The PIL further said a notice for a starred question was given in Parliament on August 19, 1954 — the Minister of Home Affairs was asked to clarify whether the Bengal CM had visited Kashmir in June 1954 and made an inquiry about Mookerjee’s death. On July 20, 1954, the Ministry of States had asked the Jammu and Kashmir chief secretary about the reported visit of Roy. On July 19, 1954, the Ministry of States had written to the Lok Sabha secretariat stating that they had no information except what appeared in the newspaper about the stay of Roy in Jammu and Kashmir. The letter further stated that the circumstances relating to the death of Mookerjee, while in detention, was a matter which concerned the Jammu and Kashmir government, not the GoI. On August 5, 1954, Ghulam Ahmad, chief secretary of Jammu and Kashmir wrote to V. Narayanan, joint secretary to the GoI (Ministry of States): “Dr B.C. Roy did come to Kashmir for a holiday and spent about a month here. During his stay he visited various beauty spots in the Valley. He did see the bungalow where Mookerjee was putting up during his stay in Kashmir as well as the room in the hospital to which he had been removed prior to his death. Col. Sir Ram Nath Chopra, our Director Health Services, took him to the hospital one day and Dr B.C. Roy might have made some verbal enquiries on the spot. You will, therefore, see that no official inquiry was held by the Doctor and as such no report could have been submitted by him. The question in the Lok Sabha may, therefore, be replied suitably on the basis of this information.”
Interestingly, PM Narendra Modi remembered Mookerjee in his 45th Mann Ki Baat show. “His efforts towards national integration will never be forgotten,” said Modi. The PM had said that while Mookerjee was associated with many fields, education was close to his heart. “Dr. Syama Prasad Mookerjee was associated with many fields, but the areas which were closest to his heart were education, administration and parliamentary affairs; very few people would know that he was the youngest vice-chancellor of the University of Calcutta at merely 33 years of age,” said the PM.

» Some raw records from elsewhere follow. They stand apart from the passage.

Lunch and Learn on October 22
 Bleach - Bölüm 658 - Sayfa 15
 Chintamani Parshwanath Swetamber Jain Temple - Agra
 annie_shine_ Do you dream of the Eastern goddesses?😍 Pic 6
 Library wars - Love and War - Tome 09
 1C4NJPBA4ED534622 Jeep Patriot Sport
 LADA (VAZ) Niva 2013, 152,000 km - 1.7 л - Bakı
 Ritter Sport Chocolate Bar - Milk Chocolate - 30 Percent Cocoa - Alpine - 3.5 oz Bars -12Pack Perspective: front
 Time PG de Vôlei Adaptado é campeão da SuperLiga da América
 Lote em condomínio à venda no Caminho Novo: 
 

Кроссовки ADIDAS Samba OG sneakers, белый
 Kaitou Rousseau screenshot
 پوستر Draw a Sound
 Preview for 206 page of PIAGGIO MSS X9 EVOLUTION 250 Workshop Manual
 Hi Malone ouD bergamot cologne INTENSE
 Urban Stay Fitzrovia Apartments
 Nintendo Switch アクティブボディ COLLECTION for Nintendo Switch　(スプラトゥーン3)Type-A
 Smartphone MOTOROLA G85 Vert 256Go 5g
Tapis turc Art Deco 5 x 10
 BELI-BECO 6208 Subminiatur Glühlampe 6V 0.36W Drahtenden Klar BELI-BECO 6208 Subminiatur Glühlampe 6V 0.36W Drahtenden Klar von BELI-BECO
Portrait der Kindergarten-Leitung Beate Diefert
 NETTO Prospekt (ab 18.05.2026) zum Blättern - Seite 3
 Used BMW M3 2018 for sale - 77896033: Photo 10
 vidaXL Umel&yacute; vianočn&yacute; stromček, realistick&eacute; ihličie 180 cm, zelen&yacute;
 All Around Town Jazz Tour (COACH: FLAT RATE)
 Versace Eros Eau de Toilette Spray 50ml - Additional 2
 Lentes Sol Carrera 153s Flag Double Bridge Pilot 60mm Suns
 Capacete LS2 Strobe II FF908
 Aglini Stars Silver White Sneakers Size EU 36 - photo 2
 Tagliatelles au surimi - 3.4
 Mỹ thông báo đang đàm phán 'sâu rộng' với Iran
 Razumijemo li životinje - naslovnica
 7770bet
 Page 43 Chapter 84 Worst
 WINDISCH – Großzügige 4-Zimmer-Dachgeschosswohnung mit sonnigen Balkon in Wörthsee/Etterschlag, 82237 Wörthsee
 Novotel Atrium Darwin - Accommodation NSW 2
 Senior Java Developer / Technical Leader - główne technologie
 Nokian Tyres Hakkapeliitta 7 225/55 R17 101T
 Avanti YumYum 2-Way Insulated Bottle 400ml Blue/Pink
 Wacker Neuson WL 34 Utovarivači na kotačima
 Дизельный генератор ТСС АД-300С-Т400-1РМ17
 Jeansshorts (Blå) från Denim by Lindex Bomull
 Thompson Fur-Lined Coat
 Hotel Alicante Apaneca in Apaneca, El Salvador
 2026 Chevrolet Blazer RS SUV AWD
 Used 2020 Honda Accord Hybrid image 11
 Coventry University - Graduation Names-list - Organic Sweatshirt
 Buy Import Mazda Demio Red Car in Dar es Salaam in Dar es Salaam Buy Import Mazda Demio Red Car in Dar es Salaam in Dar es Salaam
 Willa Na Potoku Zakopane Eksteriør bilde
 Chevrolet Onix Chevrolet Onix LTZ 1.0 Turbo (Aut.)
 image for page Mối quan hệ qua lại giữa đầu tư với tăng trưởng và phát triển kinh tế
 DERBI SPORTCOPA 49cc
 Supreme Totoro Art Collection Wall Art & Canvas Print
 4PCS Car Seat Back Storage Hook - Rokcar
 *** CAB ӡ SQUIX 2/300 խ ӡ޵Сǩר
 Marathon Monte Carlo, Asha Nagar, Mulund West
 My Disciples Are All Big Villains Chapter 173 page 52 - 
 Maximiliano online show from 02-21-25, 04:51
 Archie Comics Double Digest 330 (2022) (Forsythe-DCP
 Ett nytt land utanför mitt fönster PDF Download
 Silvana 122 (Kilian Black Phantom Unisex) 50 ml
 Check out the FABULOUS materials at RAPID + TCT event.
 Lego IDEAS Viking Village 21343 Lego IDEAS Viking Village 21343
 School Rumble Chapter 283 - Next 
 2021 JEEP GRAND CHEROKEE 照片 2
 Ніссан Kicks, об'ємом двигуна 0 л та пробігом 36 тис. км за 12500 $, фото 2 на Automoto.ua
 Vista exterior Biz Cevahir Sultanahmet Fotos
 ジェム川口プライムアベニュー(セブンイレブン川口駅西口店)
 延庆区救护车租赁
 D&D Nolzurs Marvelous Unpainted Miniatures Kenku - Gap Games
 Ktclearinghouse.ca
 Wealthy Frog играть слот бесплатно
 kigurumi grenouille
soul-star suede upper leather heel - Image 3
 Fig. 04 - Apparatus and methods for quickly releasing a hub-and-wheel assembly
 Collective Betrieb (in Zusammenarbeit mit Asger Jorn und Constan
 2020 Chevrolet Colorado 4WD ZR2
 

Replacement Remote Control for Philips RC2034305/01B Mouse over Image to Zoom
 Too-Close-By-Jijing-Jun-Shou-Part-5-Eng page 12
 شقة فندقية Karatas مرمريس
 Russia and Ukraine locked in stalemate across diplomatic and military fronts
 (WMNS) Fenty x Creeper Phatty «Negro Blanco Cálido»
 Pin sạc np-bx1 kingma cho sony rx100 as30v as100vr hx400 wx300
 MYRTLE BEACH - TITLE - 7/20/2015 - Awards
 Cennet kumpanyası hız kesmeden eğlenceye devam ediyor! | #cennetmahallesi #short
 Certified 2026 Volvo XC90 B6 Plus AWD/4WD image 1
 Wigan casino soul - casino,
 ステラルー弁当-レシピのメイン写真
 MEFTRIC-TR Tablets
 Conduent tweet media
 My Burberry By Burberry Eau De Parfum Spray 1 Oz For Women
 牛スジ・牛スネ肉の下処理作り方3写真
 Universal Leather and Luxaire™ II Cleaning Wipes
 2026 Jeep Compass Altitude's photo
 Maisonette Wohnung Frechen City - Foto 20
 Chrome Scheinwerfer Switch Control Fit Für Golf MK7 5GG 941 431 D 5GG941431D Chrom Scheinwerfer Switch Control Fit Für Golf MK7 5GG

Modi also said it was on Mookerjee’s invitation that Rabindranath Tagore addressed the convocation in Kolkata University in Bangla. “Very few people would also be knowing that in 1937, on the invitation of Dr. Syama Prasad Mookerjee, Gurudev Rabindranath Tagore addressed the convocation in Kolkata University in Bangla. This was the first time under the British rule that the convocation in Kolkata University had been addressed in Bangla.
All eyes are now on the Calcutta High Court. If it’s admitted, then work will start on one of India’s biggest political mysteries. If not, the father figure of BJP will be remembered during lighting of lamps during mega functions, or confined to files. Mookerjee’s home, for the records, is currently in a total dilapidated state in South Kolkata, haunted by bats and insects.
(Shantanu Guha Ray, India Editor, Central European News (CEN), Vienna can be reached at [email protected])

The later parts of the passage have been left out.